# learning about caterin



## mel (Jan 20, 2003)

Chef Arnold,
You may find the job posting section of
interest in the NACUF's Website,(National
Association College/University foodservices)
Having worked in a large university setting
for 12 years, there are many Middle size Colleges
and Universites that offer a range of exposure
and opportunities to learn about catering. 
Hope this helps. ML


----------



## cplizza (Mar 3, 2003)

can anyone recommend a site to get lg quanity receipes? I am new into catering and have purchased one book for serving 50 but an already looking for new ideas. It's even difficult finding books on this subject.


----------



## pete (Oct 7, 2001)

Don't know may books available for large volume catering, but I am sure there are many out there. Try the JP Prince website, they usually have many books available for the professional. There is one book that is a must for caterers. I forget the name, but it is a book of measurements and yields. It gives you portion sizes and amounts for just about everything from a medium onion to a #10 can of diced tomatoes. Anyone remember the name of that book?


----------



## suzanne (May 26, 2001)

The book Pete refers to is: _Chef's Book of Formulas, Yields, and Sizes_ by Arno Schmidt, published in the U.S. by Van Nostrand Reinhold and by International Thomson in many other countries. The second edition came out in 1996; I don't know if there's been an update since.
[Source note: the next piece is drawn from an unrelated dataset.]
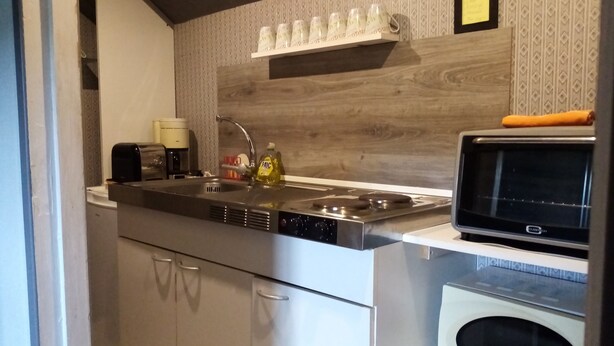A compact kitchen with a stainless steel sink, a microwave, and a built-in oven. - Waterfront Apartment in Garennes-sur-Eure at Le Havre de Paix - Sleeps 3–4  (Neuilly)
If you want the website of the supplier he mentioned, it's: 
JB Prince


----------



## pete (Oct 7, 2001)

Thanks Suzanne, I couldn't quite remember the name, but that was the one I was thinking about!!!


----------



## cplizza (Mar 3, 2003)

Thanks so much for all the information. It is a big help. I will look for the book and try and find that site. If you can think of anymore helpful information please let me know.


----------



## cplizza (Mar 3, 2003)

Suzanne.............thank you for the book Chefs book of Formuals. Went to B&N and they actually have one that is brand new coming 9out this month, so I ordered it. ..........50 and still cookin


----------